Figure 4 Presenting a positive image in the workplace.

It can take as little as three seconds for someone to make a judgement about you, based on the way you are holding yourself (your posture), the way you are dressed (whether it is appropriate for the context) and other non-verbal signals such as smiling or frowning. Therefore, taking the time to think about the impression that you give others is crucial in ensuring that you set the right tone for building and developing good relationships.

The people who you meet are more likely to actively listen to what you say if they are not distracted by your appearance or mannerisms.

Below are some quick pointers for you to consider next time you attend an interview or meet someone new at work.

  • Be relaxed and be yourself.

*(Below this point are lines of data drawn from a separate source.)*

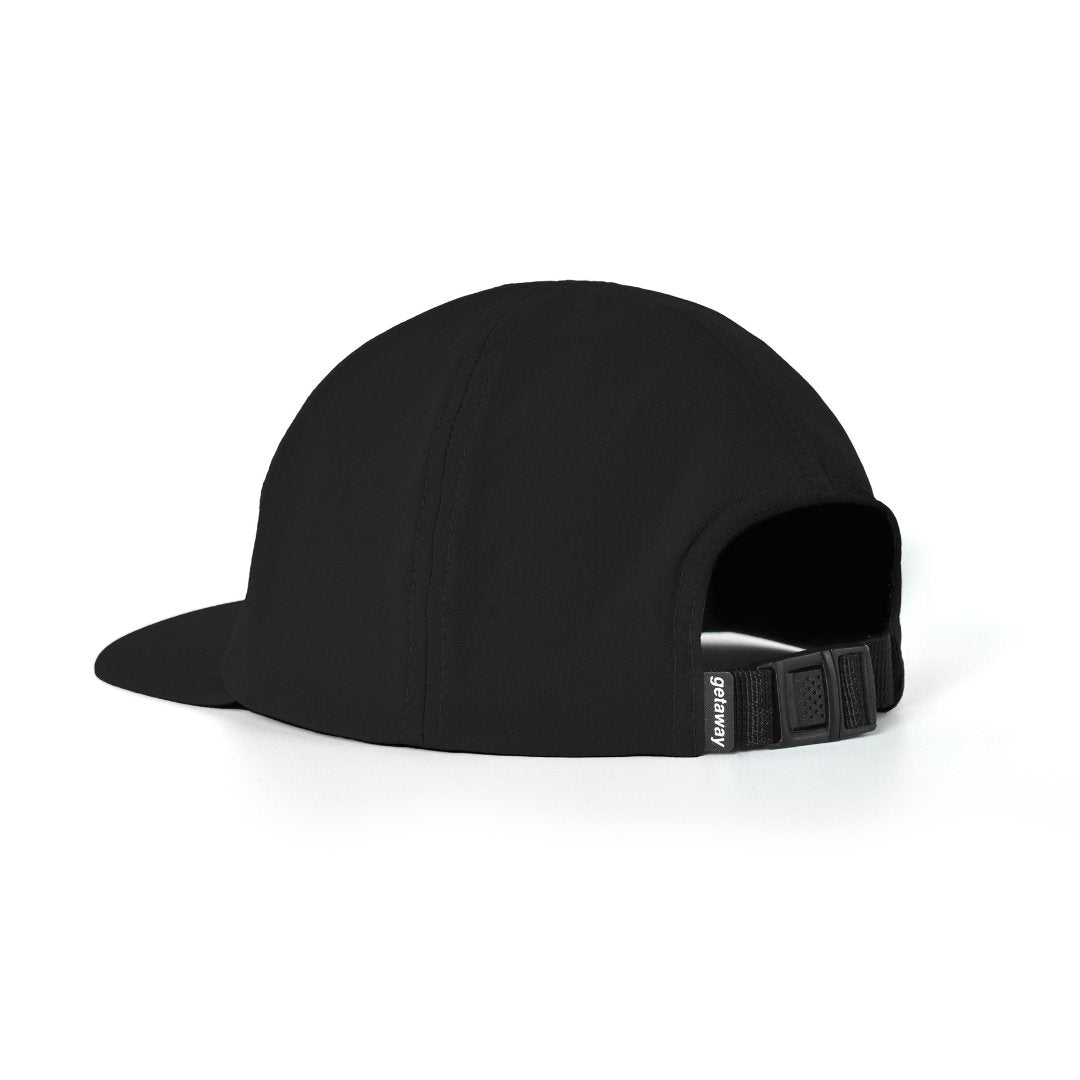 PLH 2.0 Black - Getaway Hats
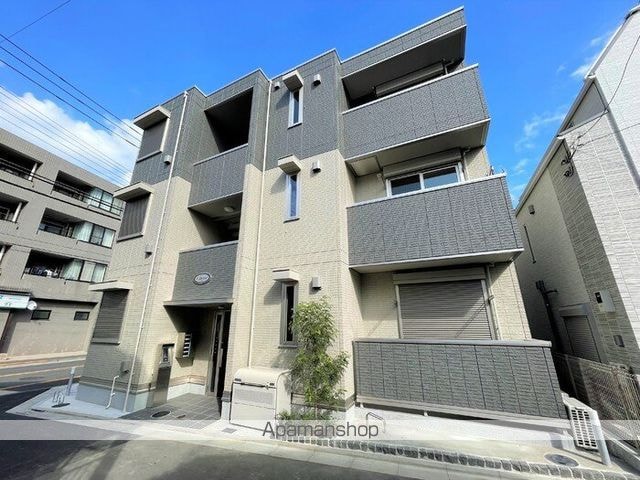 リベルテ[1LDK/29.76m2]の外観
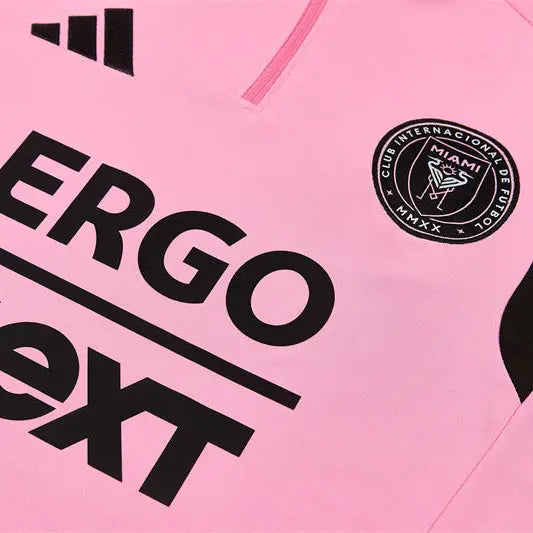Survêtement Inter Miami Rose 2026/2027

If you are not, this can make the other person feel uncomfortable too. If you feel that you are nervous, then try to relax by undertaking some deep breathing exercises (see Activity 4 this week).
  • Be punctual. Nobody likes to be kept waiting, especially if that person has never met you before. This is particularly important for interviews – always allow plenty of time for traffic or transport delays. It is better to be early and have time to calm your nerves than to be rushing.
  • Appropriate appearance is essential. Dress for the occasion and environment. If it is an interview you are more likely to need formal attire. As well as the choice of outfit, you should always ensure that your attire is clean and neat. Your personal grooming is also important – use appropriate levels of make-up and be clean shaven if you do not have a full beard or moustache.
  • Remember to smile, as this will help others to relax. A note of caution, though – a fake smile can be perceived as being insincere.

Next time you are due to meet someone for the first time, consider adopting/practising some of these approaches.

You can also take steps to minimise some of the negative cues that can work against you in situations such as interviews or meetings with colleagues.

It might be helpful to reflect on occasions in the past when you have been nervous or lacked interest in what you were hearing. Can you recall your posture, or any other non-verbal cues, such as sweaty palms or doodling on your notepad? Could you act differently if you faced this situation again in the future?

To reduce the nerves just before an interview or meeting, try deep breathing exercises. When you are stressed the chances are that you are not breathing deeply enough, which can impair your thoughts. Ensuring that you breathe slowly and deeply during interviews or other similar situations will help to reduce your nerves.

Activity 4 Practice deep breathing

Timing: Allow 5 minutes for this activity

Try this breathing exercise recommended by the NHS to reduce stress and anxiety.

This calming breathing technique for stress, anxiety and panic takes just a few minutes and can be done anywhere.

You will get the most benefit if you do it regularly, as part of your daily routine.

You can do it standing up, sitting in a chair that supports your back, or lying on a bed or yoga mat on the floor.

Make yourself as comfortable as you can. If you can, loosen any clothes that restrict your breathing.

If you're lying down, place your arms a little bit away from your sides, with the palms up. Let your legs be straight, or bend your knees so your feet are flat on the floor.

If you're sitting, place your arms on the chair arms.

If you're sitting or standing, place both feet flat on the ground. Whatever position you're in, place your feet roughly hip-width apart.

  • Let your breath flow as deep down into your belly as is comfortable, without forcing it.
  • Try breathing in through your nose and out through your mouth.
  • Breathe in gently and regularly. Some people find it helpful to count steadily from 1 to 5. You may not be able to reach 5 at first.
  • Then, without pausing or holding your breath, let it flow out gently, counting from 1 to 5 again, if you find this helpful.
  • Keep doing this for 3 to 5 minutes.
(NHS, 2018)

You can also use this breathing technique to calm yourself if someone has upset you, or behaved in an aggressive manner. By remaining calm, you reduce the chances of losing your temper and also appearing aggressive. You’ll find out more about communication in challenging situations in Week 6.